Em um cenário cada vez mais orientado pelo consumidor, a indústria do pescado enfrenta desafios e oportunidades únicas. No artigo exclusivo para a Seafood Brasil, exploramos as tendências que moldarão o futuro da aquicultura, apresentando insights valiosos do pesquisador Leandro Kanamaru Franco de Lima, da Embrapa Pesca e Aquicultura:
 
1. Tendências e avanços no processamento de pescado
 
Alimentos saudáveis, seguros e produzidos de forma sustentável, tanto do ponto de vista socioambiental quanto às questões ligadas ao bem-estar animal ganham cada vez mais destaque na preferência pelos consumidores. As indústrias beneficiadoras de
pescado têm buscado inovar seus modos de produção com uso de tecnologias desenvolvidas para todas as linhas de produção.
 
2. Abate humanitário de peixes
 
Em primeiro lugar, podemos destacar as demandas e as exigências para serem utilizadas formas humanitárias no abate de peixes comerciais com o uso de técnicas de insensibilização adaptadas à espécie. Já existem comprovações científicas consistentes
demonstrando que estes animais são sencientes, ou seja, possuem a capacidade de sentir e responder a estímulos tanto positivos quanto negativos.
 
Assim, durante o abate, os peixes precisam ser submetidos a procedimentos operacionais muito bem definidos e que causem sua correta insensibilização tornando o processo mais humanitário.

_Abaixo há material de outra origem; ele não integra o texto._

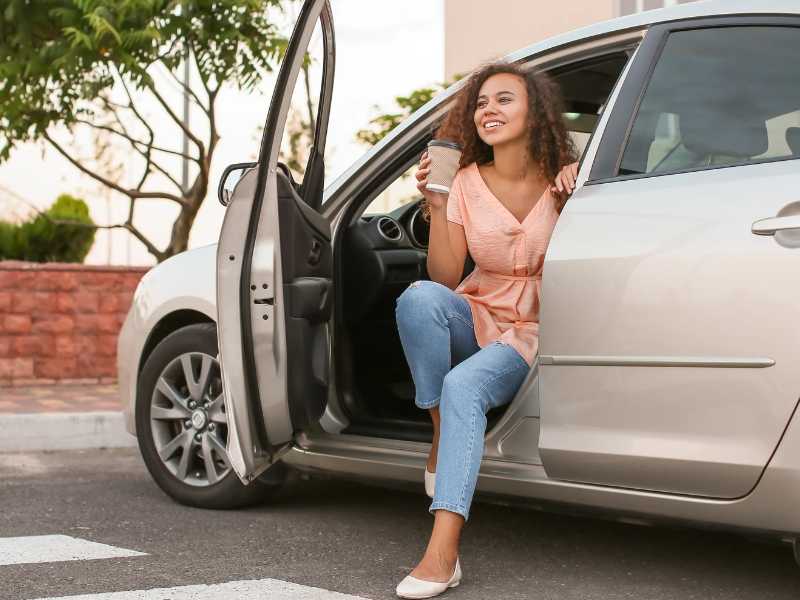 Türschwelle ist längs auf beiden Seiten des Autos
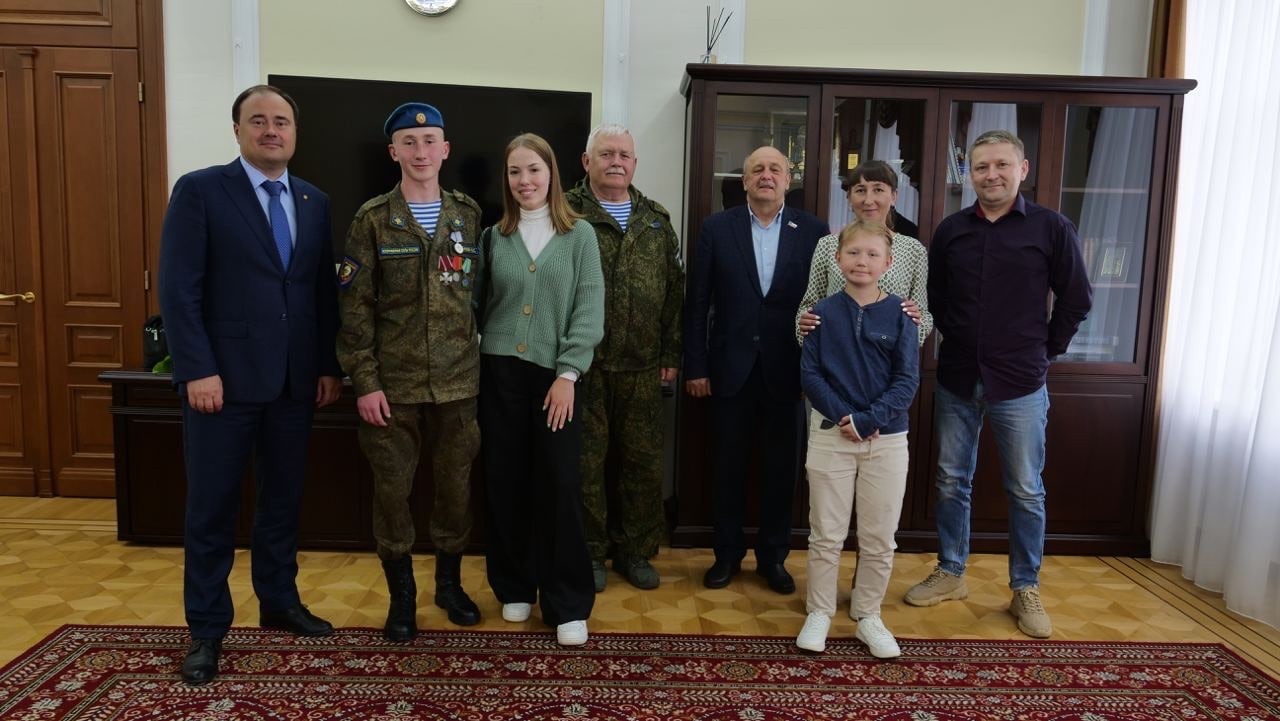 Мэр наградил 20-летнего ярославца медалью «За отвагу»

A utilização da tradicional termonarcose, que representa o uso de água e gelo para a realização do abate industrial do pescado brasileiro começa a ser questionado quanto à sua capacidade de garantir o bem-estar animal.
 
Tal cenário contribui para o surgimento de novas tecnologias de insensibilização seja pela eletronarcose (uso do choque elétrico)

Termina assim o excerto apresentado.